Indeed, Barnes goes further. He believes that one of the negative effects of what he calls Capitalism 2.0 or “surplus capitalism”—the capitalism that has powered consumer society since, he thinks, about 1950—is the growing disparity between rich and poor. In the United States, the wealthiest 5% of the people own more assets than the bottom 95% combined. Since this wealth has been accumulated largely at the expense of the commons, Barnes thinks it just that a portion of the revenue of commons trusts be devoted to funding social programs such as public health-care and education.

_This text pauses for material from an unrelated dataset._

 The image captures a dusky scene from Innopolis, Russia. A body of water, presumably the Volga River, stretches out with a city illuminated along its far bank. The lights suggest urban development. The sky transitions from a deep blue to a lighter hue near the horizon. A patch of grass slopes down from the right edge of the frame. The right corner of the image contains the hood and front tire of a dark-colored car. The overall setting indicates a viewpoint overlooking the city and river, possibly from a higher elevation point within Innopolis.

In this I found myself more reluctant to follow him. Barnes extols Canada’s socialized medical system, which does indeed have its strong points, but it’s at least questionable whether socialized anything is really superior to what can potentially be provided by private individuals. In Canada the nomenklatura class have instant access to the best care, while the great unwashed have long wait times for even basic services; meanwhile it’s illegal to provide medical services for cash. The system is certainly better than nothing, but here and in social programs generally I think Barnes may have given in to the temptation of believing that government has the answers—a temptation that he avoids when it comes to the environment. For Barnes notes that government has generally been a poor watchdog for the environment because politicians are beholden to corporate donors and also because bureaucrats themselves succumb to “regulatory capture”, and find their own interests increasingly aligned with those of industry. If government is not the answer for the environment, it’s not clear to me why it’s the answer for health or education.

But these socialist dreams are not central to Barnes’s theme. The basic idea is of the emergence of a whole new economic sector—the commons sector—which will act as an equal power along with government and business. The environment and other commons will now have a seat at the bargaining table, a voice in policy, and advocates in court. Through commons trusts, the interests of coral reefs, mahogany forests, and our unborn great-grandchildren could be given their proper weight in how we manage our shared planet. This is a tremendously powerful idea, and eminently practical. No matter what else we might do for the environment, we should be doing this.

Mr. Barnes: I’m with you. I will promote this idea. I will seek out ways that I can help commons trusts come into being and prosper. Your book is very good, but maybe too short for the wealth of ideas it contains. The philosophy and morality and economics of all this need to be worked out in greater detail. Maybe I can help with that too.